POWER QUALITY ISSUES
is a simple term, yet it describes a multitude of issues that are found
in any electrical power system and is a subjective term. The concept of good and
bad power depends on the end user. If a piece of equipment functions satisfactorily, the user feels that the power is good. If the equipment does not function as intended
or fails prematurely, there is a feeling that the power is bad. In between these limits,
several grades or layers of power quality may exist, depending on the perspective
of the power user. Understanding power quality issues is a good starting point for
solving any power quality problem. Figure 1.13 provides an overview of the power
quality issues that will be discussed in this book.
SUSCEPTIBILITY CRITERIA
The subject of power quality is one of cause and effect. Power quality is the cause,
and the ability of the electrical equipment to function in the power quality environment
is the effect. The ability of the equipment to perform in the installed environment
is an indicator of its immunity. Figures 1.14 and 1.15 show power quality and
equipment immunity in two forms. If the equipment immunity contour is within the
power quality boundary, as shown in Figure 1.14, then problems can be expected.

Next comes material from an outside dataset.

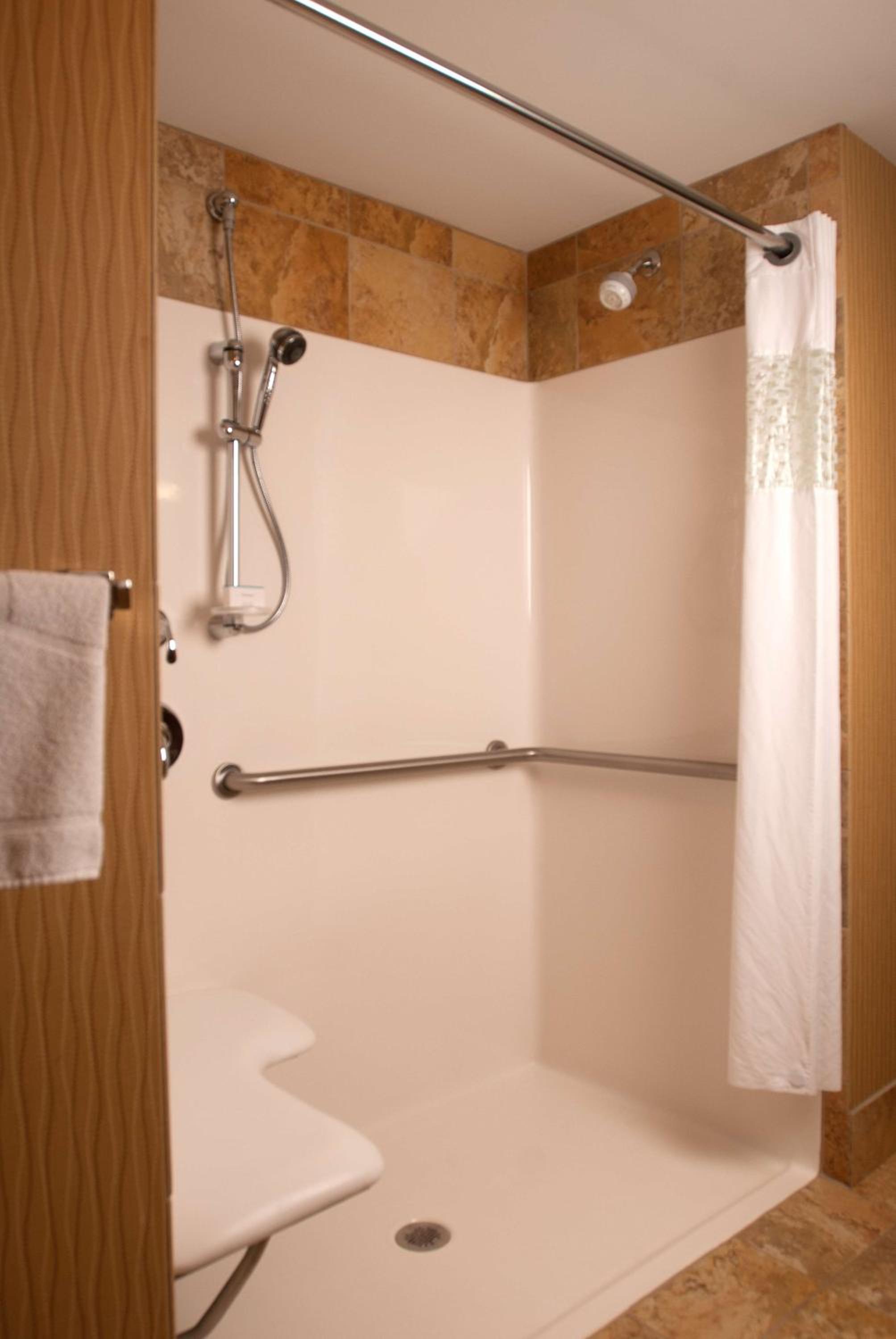 Tomah Vacations - Hampton Inn Tomah - Property Image 6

If the equipment immunity contour is outside the power quality boundary, then the
equipment should function satisfactorily. The objective of any power quality study
or solution is to ensure that the immunity contour is outside the boundaries of the
power quality contour. Two methods for solving a power quality problem are to
either make the power quality contour smaller so that it falls within the immunity
contour or make the immunity contour larger than the power quality contour.
INTERDEPENDENCE
Power quality interdependence means that two or more machines that could operate
satisfactorily by themselves do not function properly when operating together in a
power system. Several causes contribute to this occurrence. Some of the common
causes are voltage fluctuations, waveform notching, ground loops, conducted or
radiated electromagnetic interference, and transient impulses. In such a situation,
each piece of equipment in question was likely tested at the factory for proper
performance, but, when the pieces are installed together, power quality aberrations
are produced that can render the total system inoperative. In some cases, the relative
positions of the machines in the electrical system can make a difference. General
guidelines for minimizing power quality interdependence include separating equipment
that produces power quality problems from equipment that is susceptible. The
offending machines should be located as close to the power source as possible.
The power source may be viewed as a large pool of water. A disturbance in a large
pool (like dropping a rock) sets out ripples, but these are small and quickly absorbed.